ACTIVITY
Leaving the pictures aside, transcribe every line below exactly.

DATA PROVIDED
--- START ---

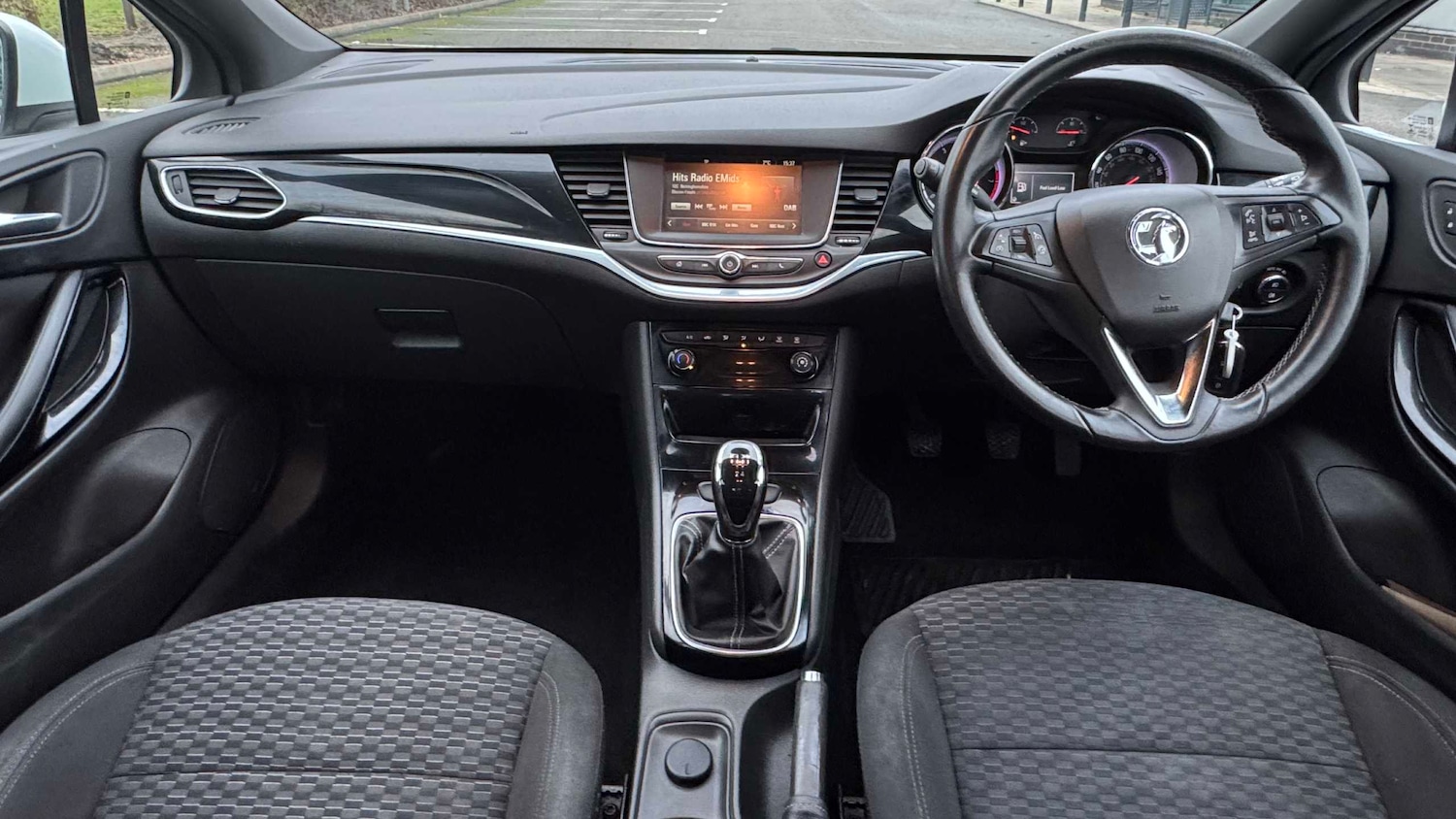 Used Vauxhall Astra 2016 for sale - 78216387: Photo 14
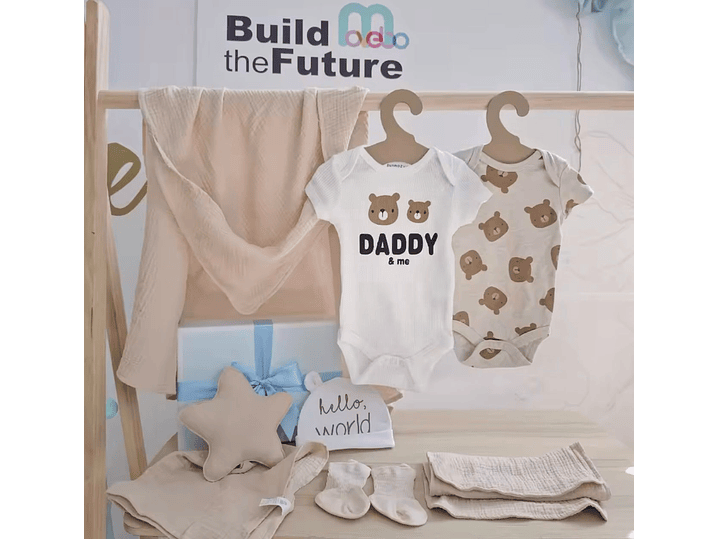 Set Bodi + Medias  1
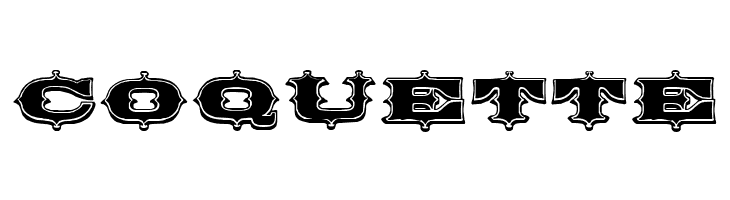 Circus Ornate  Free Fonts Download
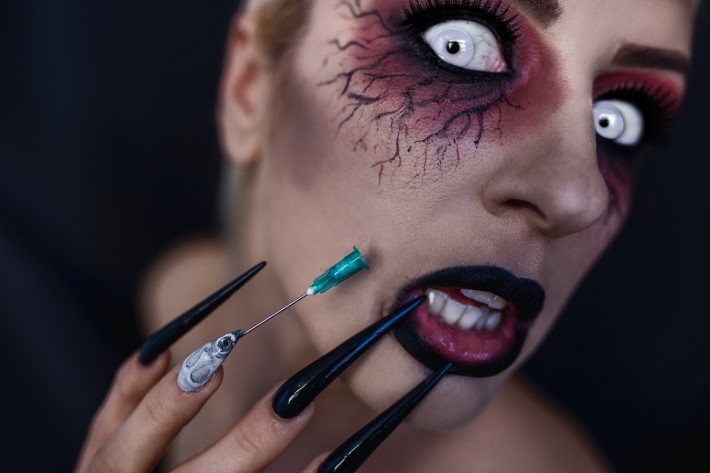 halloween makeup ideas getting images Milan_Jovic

--- END ---

TASK RESPONSE
 Used Vauxhall Astra 2016 for sale - 78216387: Photo 14
 Set Bodi + Medias  1
 Circus Ornate  Free Fonts Download
 halloween makeup ideas getting images Milan_Jovic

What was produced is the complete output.